- [Activity] Return the data below exactly, but only from the line containing "3-bedroom home for" through the line containing "748 NE Lincoln St APT B, Hillsboro, OR", with both of those lines included.

- [Exercise inputs]
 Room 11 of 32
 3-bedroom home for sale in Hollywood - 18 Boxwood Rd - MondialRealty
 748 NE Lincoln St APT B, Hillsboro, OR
* * *
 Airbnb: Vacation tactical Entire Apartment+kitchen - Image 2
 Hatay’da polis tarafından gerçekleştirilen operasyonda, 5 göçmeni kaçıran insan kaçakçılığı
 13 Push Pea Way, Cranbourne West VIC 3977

- [Answer to the problem]
 3-bedroom home for sale in Hollywood - 18 Boxwood Rd - MondialRealty
 748 NE Lincoln St APT B, Hillsboro, OR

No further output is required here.